Moeller said the model is closer to an administrative assistant than an automated decision-maker. "When I was a principal, my personal assistant was invaluable," she said.
"She would alert me to email responses she had drafted and bring me research and files that simply needed my review and my signature."
Teacharo says the tool does not replace teacher judgment and instead produces suggestions, drafts and source-backed material for professional review. In more sensitive situations, such as legal or welfare matters, it is designed to direct teachers to qualified advisers and relevant services rather than provide definitive answers.
Teacher demand
The company is pitching the product to a profession under sustained time pressure. A Grattan Institute finding cited by Teacharo said more than 90% of teachers report they do not have enough time to prepare properly for the classroom.

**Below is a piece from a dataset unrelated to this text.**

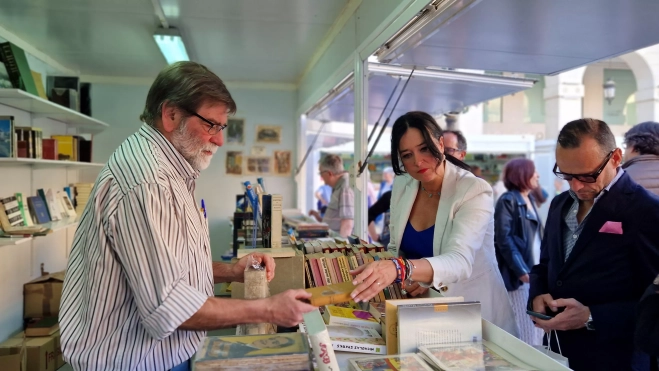 Inauguración de la 40º Feria del Libro de Huesca. Foto Myriam Martínez Inauguración de la 40º Feria del Libro de Huesca. Foto Myriam Martínez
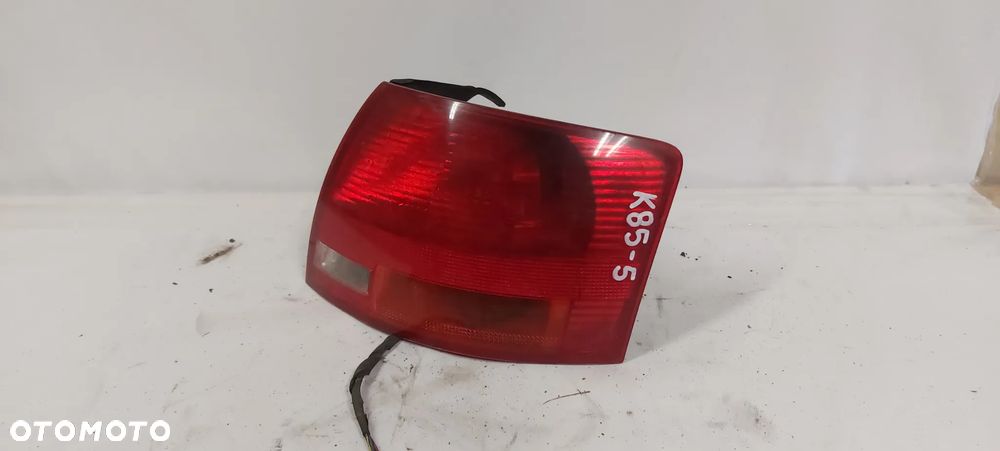 [K] AUDI A4 B7 KOMBI AVANT 2004 – 2008 LAMPA TYŁ TYLNA PRAWA - 2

That pressure has created an opening for tools that target routine drafting and preparation work, especially among new entrants to the profession. According to Teacharo, thousands of Australians take charge of a classroom for the first time each term, often without close mentoring or consistent induction.
A teacher at an independent primary school in Victoria described the appeal of voice-based drafting in practical terms. "Sometimes you wake up at 2 o'clock in the morning and you're like, oh, I haven't done that. Just need to talk to my phone before I go back to sleep," Moeller said.
Moeller also said the product was designed around the realities of school settings, where teachers may be discouraged from using phones in front of students. "Many schools do not want teachers to have their phones out during class," she said.
Teacharo says teachers can speak instructions when they are away from students, put the phone away and return to class while the system works on draft materials in the background. Moeller said that approach reflects the practical support she wanted to build for schools. "As a former principal, I built what I would want in my school," she said.